[Problem statement]
Leave every picture out, then reproduce the rest of the listing exactly.

[Supplied data]
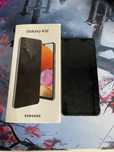 Samsung Galaxy A32 Awesome Black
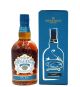 MIZUNARA CHIVAS REGAL BLENDED SCOTCH WHISKY 700ML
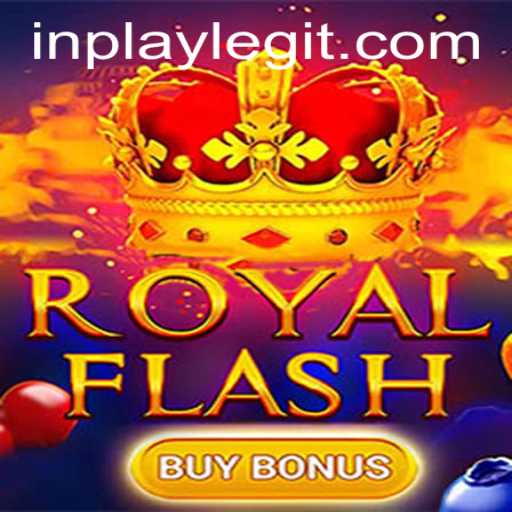 Explore the Thrilling World of RoyalFlashBuyBonus: A Game in Play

[Solution]
 Samsung Galaxy A32 Awesome Black
 MIZUNARA CHIVAS REGAL BLENDED SCOTCH WHISKY 700ML
 Explore the Thrilling World of RoyalFlashBuyBonus: A Game in Play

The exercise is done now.